Although shots are the basic currency of hockey, it is obvious that not all shots are equally difficult to create, nor equally difficult to score, nor equally dificult to save. The model described here estimates the goal likelihood of different patterns of shots, our main interest. Along the way we will also obtain estimates of shooting and goaltending impact.

My animating assumption is that all of the skaters (between six and eleven, in total, usually) are working together both to generate shots for their team and to suppress the generation of shots by the other team. In principle, I consider all of the skaters equally able to affect both processes, in the long run, even if a given skater (for either team) might be only minimally involved with a given shot.

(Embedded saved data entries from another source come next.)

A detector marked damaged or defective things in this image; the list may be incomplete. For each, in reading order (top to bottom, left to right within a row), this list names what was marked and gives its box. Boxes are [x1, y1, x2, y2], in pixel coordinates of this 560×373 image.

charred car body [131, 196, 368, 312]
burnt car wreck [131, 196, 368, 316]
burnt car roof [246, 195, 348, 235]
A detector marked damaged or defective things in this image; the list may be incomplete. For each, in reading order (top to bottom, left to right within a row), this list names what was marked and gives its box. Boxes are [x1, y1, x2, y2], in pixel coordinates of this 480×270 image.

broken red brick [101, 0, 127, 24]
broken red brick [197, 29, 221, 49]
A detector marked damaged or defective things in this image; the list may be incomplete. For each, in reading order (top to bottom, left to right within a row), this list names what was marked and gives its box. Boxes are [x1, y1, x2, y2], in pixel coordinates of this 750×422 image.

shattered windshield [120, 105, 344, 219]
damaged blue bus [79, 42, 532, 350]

All of play in all three zones leading up to and including the decision by a given player to shoot the puck, I understand to be the product of the (combined) ability of all of the skaters, and I call the goal likelihood of shots generated, at the moment the decision to shoot is made, the "expected goal probability", or xG for short. Then, in addition to the xG of the pattern to which a given shot conforms, the shooter themself can, in principle, affect the goal likelihood of the shot, by shooting the puck skilfully, or perhaps (as I might) by woefully butchering whatever chances they and their teammates (and opponents) have conspired to generate. This ability I call "finishing impact" or "shooting talent". Finally, a goaltender can, in principle, affect the goal likelihood of a shot after it is taken, by sneakily interposing their body between the puck and the goal, or, (again as I might do) contriving to fail to do so.

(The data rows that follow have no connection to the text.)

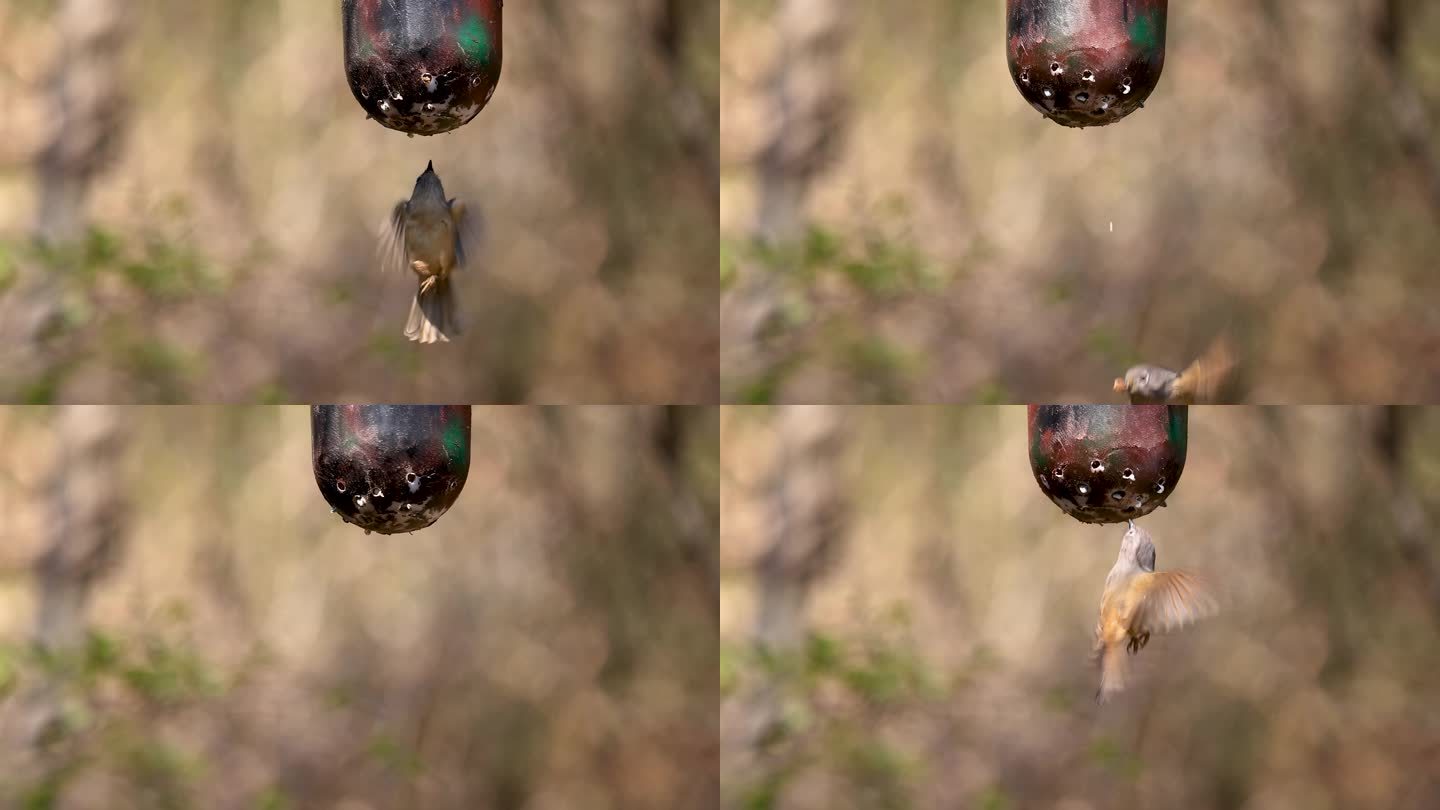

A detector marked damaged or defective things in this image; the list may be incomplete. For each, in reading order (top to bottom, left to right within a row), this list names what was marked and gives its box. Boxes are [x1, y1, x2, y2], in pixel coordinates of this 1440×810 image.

rusty feeder surface [344, 0, 506, 137]
rusty feeder surface [1008, 0, 1168, 127]
rusty feeder surface [310, 402, 472, 532]
rusty feeder surface [1032, 404, 1184, 524]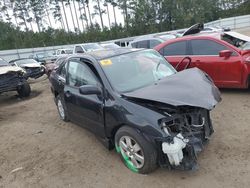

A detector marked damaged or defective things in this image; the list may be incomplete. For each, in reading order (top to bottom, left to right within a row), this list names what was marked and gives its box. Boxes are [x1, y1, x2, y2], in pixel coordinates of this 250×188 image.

damaged black car [0, 58, 30, 97]
damaged black car [48, 48, 221, 173]
broken plastic part [162, 134, 188, 166]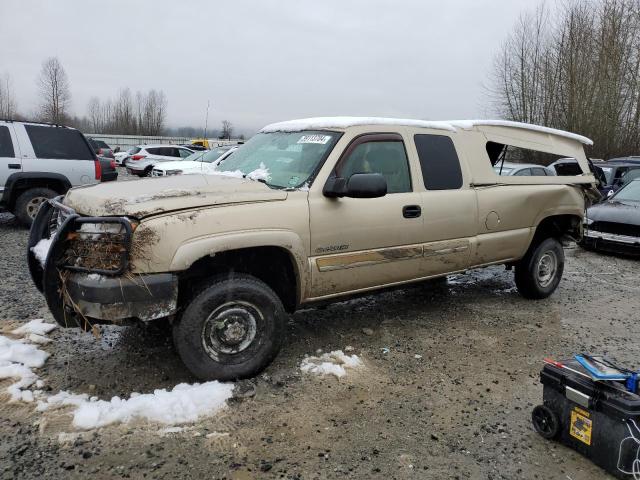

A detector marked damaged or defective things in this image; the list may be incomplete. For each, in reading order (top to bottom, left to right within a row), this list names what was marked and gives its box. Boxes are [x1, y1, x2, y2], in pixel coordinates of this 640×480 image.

damaged pickup truck [27, 118, 604, 380]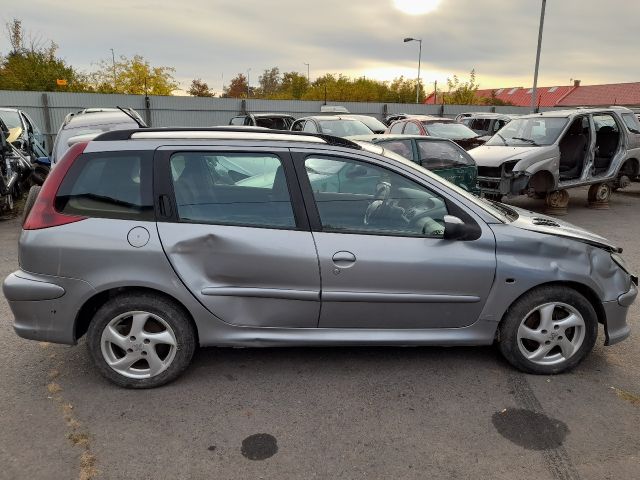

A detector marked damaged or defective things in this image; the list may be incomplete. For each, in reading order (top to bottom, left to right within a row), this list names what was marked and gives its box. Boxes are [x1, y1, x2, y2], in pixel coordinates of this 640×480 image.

damaged car [470, 107, 640, 202]
wrecked car in background [470, 107, 640, 204]
dented rear door [153, 144, 322, 328]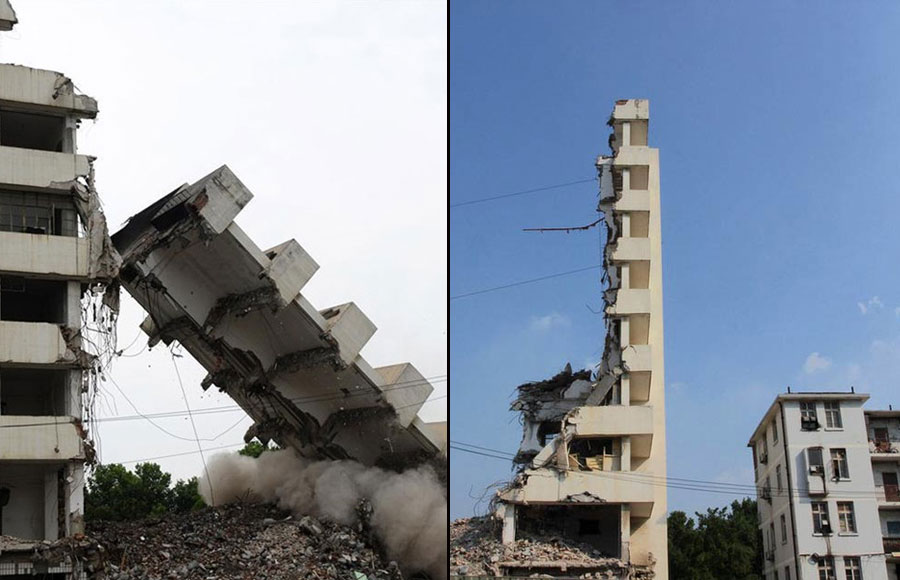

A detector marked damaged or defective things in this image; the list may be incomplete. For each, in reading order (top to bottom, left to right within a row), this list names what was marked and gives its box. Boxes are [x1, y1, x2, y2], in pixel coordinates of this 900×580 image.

damaged building wall [0, 47, 118, 556]
damaged building wall [110, 165, 444, 474]
damaged building wall [500, 99, 668, 580]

This three-fold division&em;all of the skaters collectively produce the shot, the shooter
shoots, and the goalie endeavours to save&em;is the animating idea behind the model I
describe here. Even at this very basic level these choices have important consequences. For
instance, a player who is skilled at receiving passes in (relatively) less-dangerous shooting
positions and then skating untrammelled with the puck to more-dangerous locations will score
more often for that reason, and that skill will appear in my accounting in their impact on
xG (which will increase, since their team is taking more dangerous shots) and *not*
in their finishing impact (which will presumably decrease, since they are shooting from
locations where goals are easier to come by). Similarly, including goaltender effects only
on shots already taken prevents us from making any estimate of goaltenders' impact on xG,
conceded or generated, from, say, their tendency to handle the puck.

Throughout this article, when I say "shot" I will mean "unblocked shot", that is, goals, saves, and misses (including shots that hit the post or the crossbar). All shots in all strength situations that are taken against a team with a goaltender on the ice are considered.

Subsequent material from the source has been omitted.